During that era, Panellinios took part in the biggest international tournaments in Europe, the predecessors of the Euroleague that were then held instead of the Euroleague tournament. The club advanced to the final of the 1954 San Remo Tournament, which they lost 81-74 to the Italian League club Olimpia Milano. Panellinios then won the 1955 Brussels Tournament, by defeating the Yugoslav League club Crvena Zvezda in the final, by a score of 91-67. Panellinios also won the 1956 San Remo Tournament, by defeating the Italian League club Virtus Bologna, by a score of 67-37.

Nisiotis is credited by most as being mainly responsible for the development of the sport in Greece in the 1930s and 1940s. Panellinios also featured the great scorer Antonis Christeas.

The Spanoudakis brothers, Ioannis and Alekos, who were players of Olympiacos, were among the first early important pioneers of the sport in the country. Boston Celtics players Bob Cousy, and the Greek American player Lou Tsioropoulos, came to Greece in the 1950s, and gave teaching clinics on what the Celtics were doing and how they were playing the game at the time. The Spanoudakis brothers learned directly from them, and were among the first players in Greece to incorporate much of the American style of basketball, and to begin playing a brand of basketball in Greece that incorporated many of the moves and plays that they had been shown by the Celtics players.

The 1960s[edit]

In the 1963-64 season, the top men's basketball Greek League formed into a national league system for the first time. Up until that point, the Greek men's national basketball championship had been contested by teams locally at the regional level, with the champions of each regional level then playing against each other. With the start of the 1963-64 season, a true nationwide league system was formed for the first time

The next great club team in Greek basketball was AEK, which became the first Greek team to win a European trophy in any sport. AEK was led by great players such as: Georgios Amerikanos, Georgios Trontzos, who was the first 7 footer to play for Gonzaga University, Christos Zoupas, and Antonis Christeas, who had also been a part of the great Greek Panellinios teams of the 1950s.

AEK made it to the final four of the FIBA European Champions Cup of the 1965-66 season, which was the first time that the Euroleague ever used a final four system, thus becoming the first Greek team to ever play in a final four in the Euroleague.
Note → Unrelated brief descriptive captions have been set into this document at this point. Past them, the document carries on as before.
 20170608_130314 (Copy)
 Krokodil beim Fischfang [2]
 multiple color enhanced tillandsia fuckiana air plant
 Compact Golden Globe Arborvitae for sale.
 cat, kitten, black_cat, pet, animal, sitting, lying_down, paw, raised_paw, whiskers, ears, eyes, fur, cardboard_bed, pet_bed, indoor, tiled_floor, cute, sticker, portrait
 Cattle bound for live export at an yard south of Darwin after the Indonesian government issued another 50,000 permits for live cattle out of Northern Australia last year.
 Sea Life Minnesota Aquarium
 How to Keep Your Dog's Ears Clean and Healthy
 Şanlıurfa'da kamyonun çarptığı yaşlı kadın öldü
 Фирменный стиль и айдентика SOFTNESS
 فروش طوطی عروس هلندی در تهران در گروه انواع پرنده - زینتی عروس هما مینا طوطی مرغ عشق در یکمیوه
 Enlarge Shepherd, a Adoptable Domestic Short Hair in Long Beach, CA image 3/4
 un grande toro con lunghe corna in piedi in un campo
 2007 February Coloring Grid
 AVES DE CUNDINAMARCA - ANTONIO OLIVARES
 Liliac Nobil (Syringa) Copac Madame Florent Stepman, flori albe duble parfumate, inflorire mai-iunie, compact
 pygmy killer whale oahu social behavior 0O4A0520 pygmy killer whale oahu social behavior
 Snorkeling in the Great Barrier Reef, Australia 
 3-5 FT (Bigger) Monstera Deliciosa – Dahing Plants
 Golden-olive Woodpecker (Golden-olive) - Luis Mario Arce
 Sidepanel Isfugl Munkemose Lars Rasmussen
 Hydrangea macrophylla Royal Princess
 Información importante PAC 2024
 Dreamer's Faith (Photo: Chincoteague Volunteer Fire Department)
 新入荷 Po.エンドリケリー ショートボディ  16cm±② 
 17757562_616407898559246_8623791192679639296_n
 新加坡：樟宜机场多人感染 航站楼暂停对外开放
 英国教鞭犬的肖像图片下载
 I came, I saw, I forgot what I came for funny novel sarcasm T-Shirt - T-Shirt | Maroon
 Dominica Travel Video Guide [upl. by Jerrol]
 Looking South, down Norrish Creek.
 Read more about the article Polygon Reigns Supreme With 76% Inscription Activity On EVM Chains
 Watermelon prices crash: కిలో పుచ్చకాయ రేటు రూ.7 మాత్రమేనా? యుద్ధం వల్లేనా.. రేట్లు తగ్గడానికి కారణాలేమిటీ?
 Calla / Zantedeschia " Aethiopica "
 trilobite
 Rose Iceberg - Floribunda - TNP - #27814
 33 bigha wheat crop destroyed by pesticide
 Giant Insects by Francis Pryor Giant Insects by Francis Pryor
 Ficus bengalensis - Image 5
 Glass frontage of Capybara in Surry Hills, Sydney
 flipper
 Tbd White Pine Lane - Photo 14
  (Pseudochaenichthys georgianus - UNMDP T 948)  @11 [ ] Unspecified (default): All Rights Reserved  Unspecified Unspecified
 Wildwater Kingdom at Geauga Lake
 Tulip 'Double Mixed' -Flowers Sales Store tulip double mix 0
AEK also won the championship of the 2nd-tier Cup Winner's Cup of the 1967-68 season, which was the first European championship won by any Greek team.[1] In the final game against Slavia Prague, which took place in Pangrati, Athens, at Panathenaic Stadium, the attendance was 80,000 people seated in the stadium, and 40,000 people standing, with an additional 3,000 police officers to keep order.[2]

AEK won 5 Greek League championships in the decade of the 1960s, in a sequence of 4 in a row and 5 out of 6 (1963, 1964, 1965, 1966, 1968), surrounded by an earlier Greek League championship in 1958, and another later one in 1970. Making it a total of 7 Greek League championships won in 11 seasons for the club in that era.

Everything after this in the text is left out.